The “Theory of Reflection 1” (1978-92) easily turns material objects into forms of thinking, the physical reflection into the reflexive thought. An absolutely classical still-life (a bottle — a wineglass — an apple) by methodically repeating themselves on both sides of the frameworks, goes through an almost metaphysical series of its reflections and transformations: from non-existence to existence, from decidedly pictorial/photographic to ideal and eidetic. The question of which of the reflections and representations is more true and beautiful (which is closely associated with the eternal themes of beauty and justice, of the mimesis and the realism in art and the very origins of the latter) is pointedly left out: the different versions of answers are equaled by putting them into one and the same row of the elements of installation. By exploring the relationships of the universes found on both sides of glass-canvas-mirror-framework, Chuikov draws in his own way the borderlines between the work of art and the world, the artist and the spectator, implying that this theme can’t be exhausted once and for all.

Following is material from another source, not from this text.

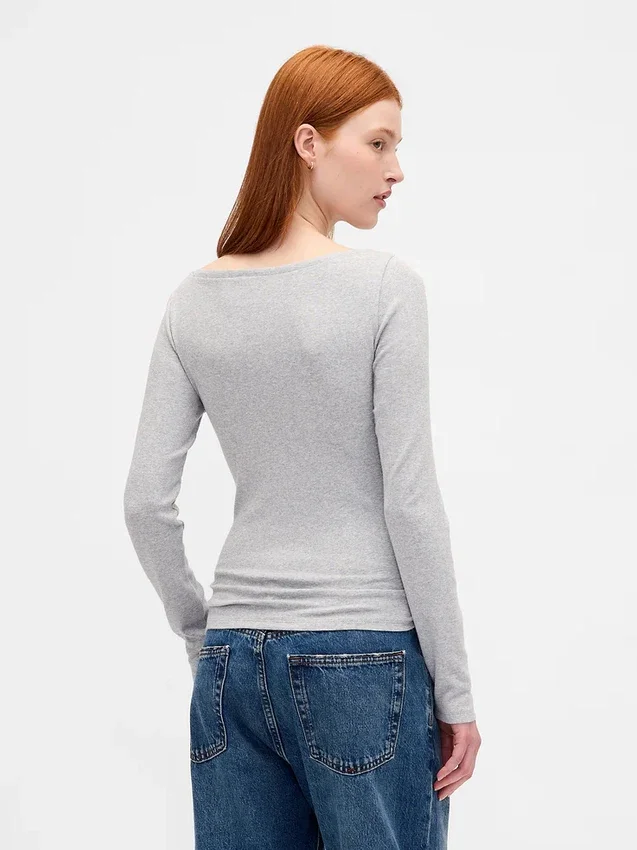 Camiseta moderna con cuello de barco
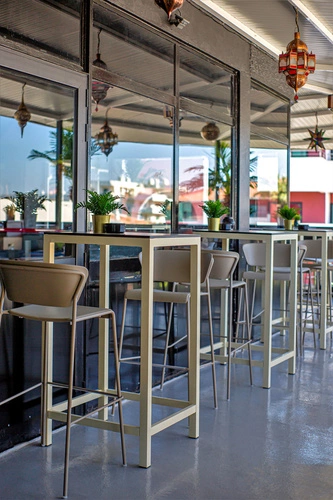 Barová židle s opěrkou Lisa 75 cm šedá moderní kovová stohovatelná do kuchyně a k ostrůvku SCAB Design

The “Analytical Tree” (1994) is assembled from his works acting as elements. They are diligently numbered and joined together by lines into a universally comprehensible scheme. In the middle of the installation there is a picturesque reproduction of a commonplace Soviet postcard with a landscape in a frame composed of cheerful flowers. In the surrounding figures this trite image falls apart with great effect into impressionistic fragments of branches, a pop-art-style collage made of an enormous flower, a postal stamp and a blurring gravel path, an expressionistic abstraction, flickering of Lichtenstein dots, Rothko’s remakes and Twombly’s flourishes... Fragments of the central (complete) image are scaled. His penetrating gaze successively zooms in units of visual writing, invades the outline of the everyday life, transforming it into an extreme formal expression. The movement from the centre of the installation to its edges takes to pieces with analytical ruthlessness the postcard-like myth of the Soviet prosperity by eventually leaving us with nothing but meaningless fragments. On the other hand, the reverse movement towards the centre generates a small miracle: chaotic contradictions, logically and yet every time quite unexpectedly, give birth to a small piece of the Soviet Paradise. The postcard-like dream and the stark visibility of its embodiments and disembodiments exist at the same time. The artist brings them to the spectators in an intentionally consistent way as an object of their free choice.
While appealing the the public and calling for its attention and understanding, Chuikov’s installations nevertheless remain hermetic — this is where the art is engaged in a dialogue with and within itself. The particular correlates with the general, works of art with laws, according to which they are created and exist, the laws they ignore or challenge. What first appeared as a riddle gradually evolves into a fascinating game whose rules become ever more clear, only to close on itself again. The door from the physical world into the realm of the ideal is opened a little, but one still can’t enter it.